Standing side stretch 10x
- Stand with feet shoulder-width apart.
- Clasp the hands together above the head.
- Bend sideways so the ear begins to point toward the ground.
- To stay balanced, push the hips in the opposite direction.
- Slowly come into the position and hold the stretch for 5 counts.
- Continue breathing normally.
Kneeling abdominal stretch on thighs rocking 10x
- Sit on the knees with knees hip-width apart and toes on the floor.
- Place the hands under the buttocks on the thigh.
- Arch the back back so that the chest comes forward.

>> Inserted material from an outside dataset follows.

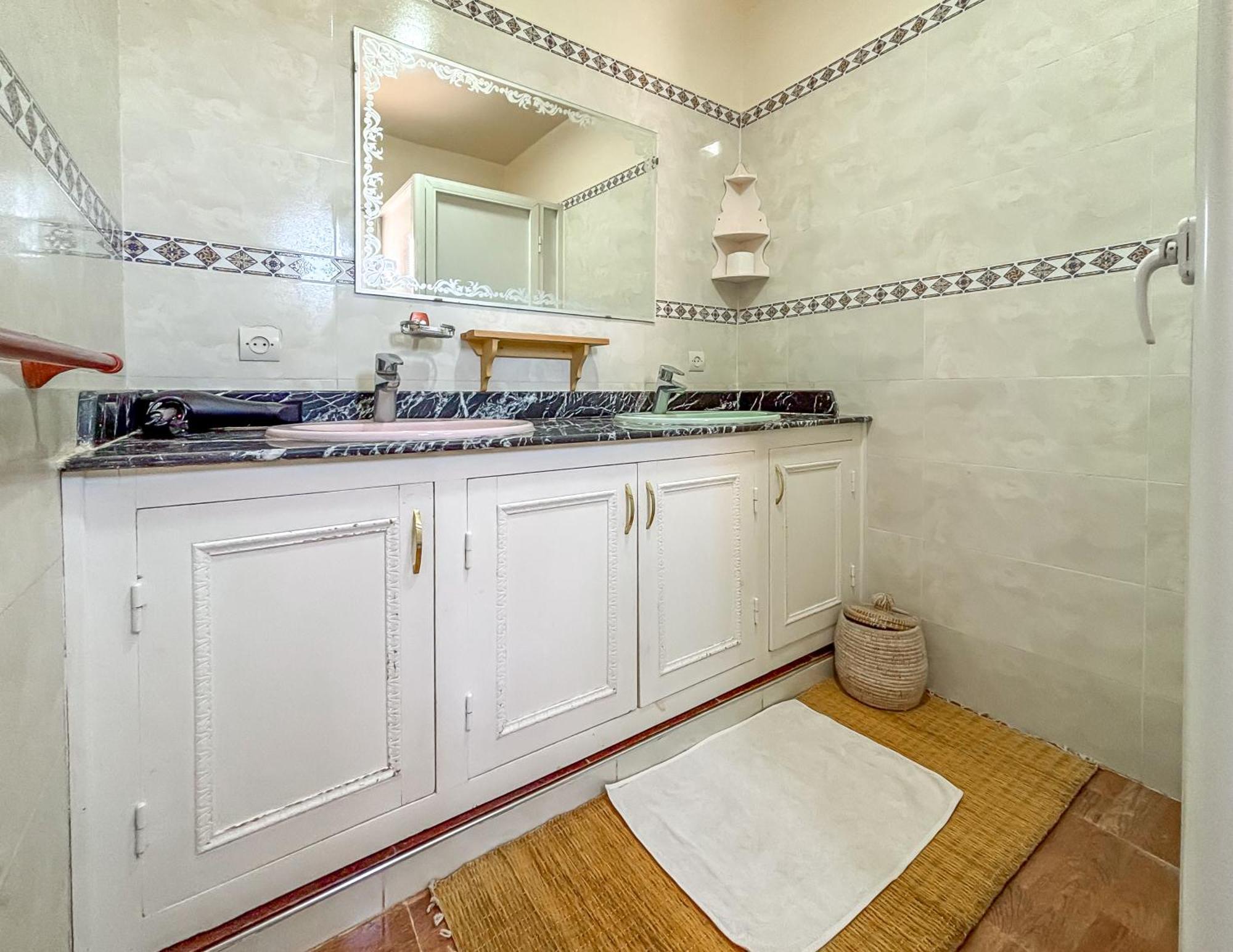 Le Bleu House Bed & Breakfast Sidi Abdallah Ghiat Luaran gambar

- Tighten the abdominal muscles.
Lift body in boat position 5x
- Lie on your back with legs extended and place the extended arms behind the head on the floor.
- Tilt your pelvis upward and your lumbar spine on the ground.
- Keep your back on the ground throughout the exercise.
- Lift your arms and chest about 5 cm off the ground -arms extended backwards.
- You now feel a tension in the abdominal muscles.
- Lift the legs about 20 cm off the ground.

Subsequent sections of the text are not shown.